En aquel momento y en aquel principio era un perro peludo, con
aspecto de chacal, que a veces se le veía pasear solitario desde nuestro balcón. Una especie de sombra huidiza deslizándose bajo la
luz de las farolas.
Poco después irrumpió en nuestras
vidas como un soplo de luz. Como una casualidad o una causalidad.
Enseguida advertimos que iba a ser nuestro mejor amigo; uno de esos
seres que te enseñan y te aportan algo nuevo cada día.
Tenía
su curriculum: abandono, refugios y, muy probablemente, una educación a
base de palos. Todo eso no pudo quebrantar la nobleza de su espíritu
porque no era un ser perteneciente a este mundo. Nos regaló su presencia
y su bondad y los últimos años de una vida muy machacada que, quiero
pensar, fueron sus mejores tiempos.
Fue un artista feliz y
famoso en el barrio que arrancaba sonrisas a las chicas y engatusaba a
cualquiera con su cola proyectada hacia el centro perfecto de algo que
sólo él era capaz de intuir.
Su luz todo lo inundó y nos hizo crecer.
Cedía su plato (como un perfecto caballero) cuando uno de los gatos quería probar su comida.
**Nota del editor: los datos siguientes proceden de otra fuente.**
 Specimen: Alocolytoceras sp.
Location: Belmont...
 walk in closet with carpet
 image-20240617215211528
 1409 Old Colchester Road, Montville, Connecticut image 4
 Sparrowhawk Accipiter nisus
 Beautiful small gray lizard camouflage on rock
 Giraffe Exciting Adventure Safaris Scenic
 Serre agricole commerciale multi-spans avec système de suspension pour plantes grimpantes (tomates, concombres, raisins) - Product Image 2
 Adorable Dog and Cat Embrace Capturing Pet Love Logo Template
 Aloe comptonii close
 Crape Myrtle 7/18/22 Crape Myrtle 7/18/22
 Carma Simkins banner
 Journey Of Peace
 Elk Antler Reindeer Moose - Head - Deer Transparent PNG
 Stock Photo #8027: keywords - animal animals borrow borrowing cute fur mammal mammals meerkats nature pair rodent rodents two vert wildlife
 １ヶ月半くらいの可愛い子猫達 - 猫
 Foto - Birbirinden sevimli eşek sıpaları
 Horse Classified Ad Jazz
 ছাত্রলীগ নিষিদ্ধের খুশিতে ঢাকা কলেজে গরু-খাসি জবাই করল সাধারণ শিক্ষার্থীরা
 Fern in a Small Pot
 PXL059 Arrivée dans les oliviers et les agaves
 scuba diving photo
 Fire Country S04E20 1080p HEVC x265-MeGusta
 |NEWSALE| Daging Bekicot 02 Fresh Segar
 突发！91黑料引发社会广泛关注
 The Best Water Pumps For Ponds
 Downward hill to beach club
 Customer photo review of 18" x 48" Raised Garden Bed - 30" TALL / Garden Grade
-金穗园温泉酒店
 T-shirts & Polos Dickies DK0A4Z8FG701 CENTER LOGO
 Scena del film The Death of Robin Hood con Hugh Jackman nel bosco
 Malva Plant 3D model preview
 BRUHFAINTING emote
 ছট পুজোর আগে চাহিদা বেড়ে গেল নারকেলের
Jamás se quejó, ni de sus dolores ni de tener que esperar a que lo
bajaran a la calle por un despertar tardío. Su nobleza hizo que se
convirtiera en el rey de la casa, como un príncipe destronado al regreso
de su destierro.
Jamás exigió nada y nos regaló una
percepción limpia de telarañas. Y quiero pensar que, de alguna forma,
estábamos predestinados a conocernos.
Nos honró con su presencia y el privilegio de haber vivido a su lado quedará como una cicatriz en nuestros corazones.
P.D.
Yo tenía un album de los fantásticos e injustamente olvidados Hood y lo
perdí en una de mis incontables mudanzas. Hace unos
días, como si fuera un sortilegio, encontré una copia de ese disco en la calle y, ahora, cada vez que
suena en el coche cierta canción, me acuerdo de Rodolfo.
Su título reza: Tú eres lo más valioso del mundo.
Un gran abrazo allá donde te encuentres mi gran amigo. Nos veremos en el último claro del bosque.